He continued: “Mick’s representatives have no idea what they’ve created, but I’ve stopped the band from speaking about this, so they’re not gonna turn the fans against Mick. But I am going to make sure that people understand that Mick hasn’t been treated badly. In fact, he was treated better than anyone else in the band, and they carried him and they saved his life.”
A particular part of the lawsuit that Kovac also addressed was Mick’s claim that he was the only member to play 100 percent live on their most recent tour, claiming bassist Nikki Sixx “did not play a single note on bass during the entire U.S. tour.”
“Everything is live with Nikki’s [Sixx] bass playing and Tommy’s [Lee] drum playing,” says Kovac. “When they’ve used loops, they’re still playing. There are augmented vocals, which were (recorded) in the studio and are backgrounds behind the two ladies who are singing and (other background vocals by) John 5 and Nikki Sixx, and before that Mick and Nikki.” He described the pre-recorded vocal layering as where “you multi-track and you do gang vocals with, like, 20 people, just like all the other bands do with background vocals. They’ve got background vocals in the mix. That’s the truth.
“But Nikki played his bass and always has,” Kovac continued. “Vince [Neil] was singing better than he was before (on the latest tour). That was in reviews. Now, John 5 is playing like who John 5 is. I’ve heard John 5 perform and I heard Mick perform. Both are great guitar players. Unfortunately, Mick is not the same. He hasn’t been the same for a long time. Which was in reviews! You see that the professionals knew.
DEF LEPPARD (which alternated headlining spots on tour) knew. And (Mars) caused a train wreck up there, because he would play the wrong songs and the wrong parts, even with the guide tracks. When he played the wrong song, it wasn’t Nikki Sixx that had a tape; it was the soundman bringing it into the mix so the audience could hear a song, even though the guitar player was playing a different song.” He says audiences “would hear it at first, but (sound engineers) would fix it so that we could keep the song going. I heard it. I’d go to the sound board.”
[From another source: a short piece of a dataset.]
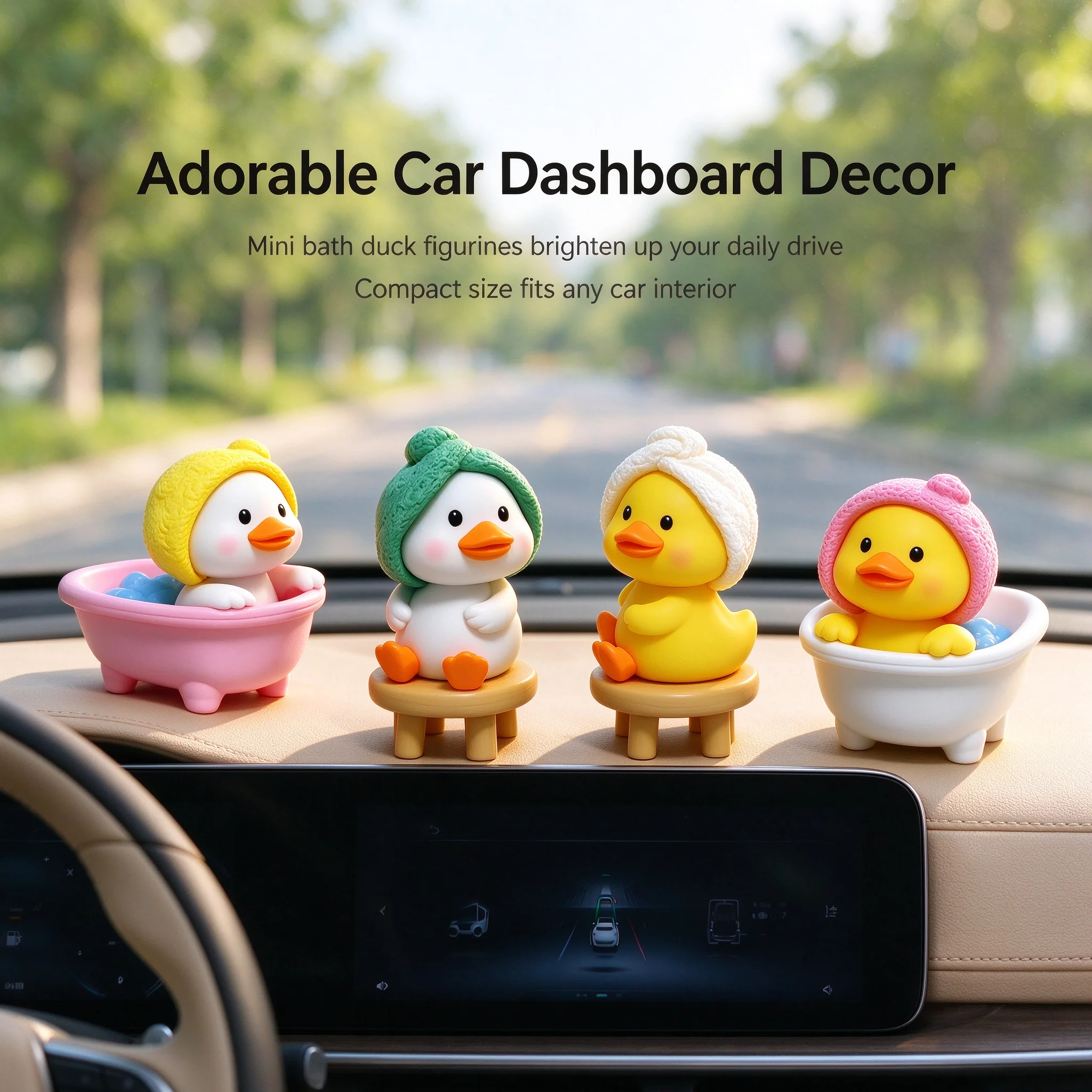 4Pcs Cute Bath Duck Figurines Mini PVC Cartoon Car Dashboard Decor Desktop Micro Landscape Ornament Cake Topper Gift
In response to the lawsuit, Nikki Sixx responded on Twitter, writing: “Sad day for us and we don’t deserve this considering how many years we’ve been propping him up. We still wish him the best and hope he find’s [sic] lawyers and managers who aren’t damaging him. We love you Mick.”
Mick announced his retirement from touring with MÖTLEY CRÜE last October due to his ongoing struggles with ankylosing spondylitis, an arthritic condition which affects the spine and sacroiliac joint. That being said, Mars maintained that he would remain a member of the band, with John 5 strictly taking his place on the road. In Mick’s lawsuit, which was filed last Thursday (April 6), Mars said that, after his announcement, the rest of MÖTLEY CRÜE attempted to remove his significant holdings in the band’s business.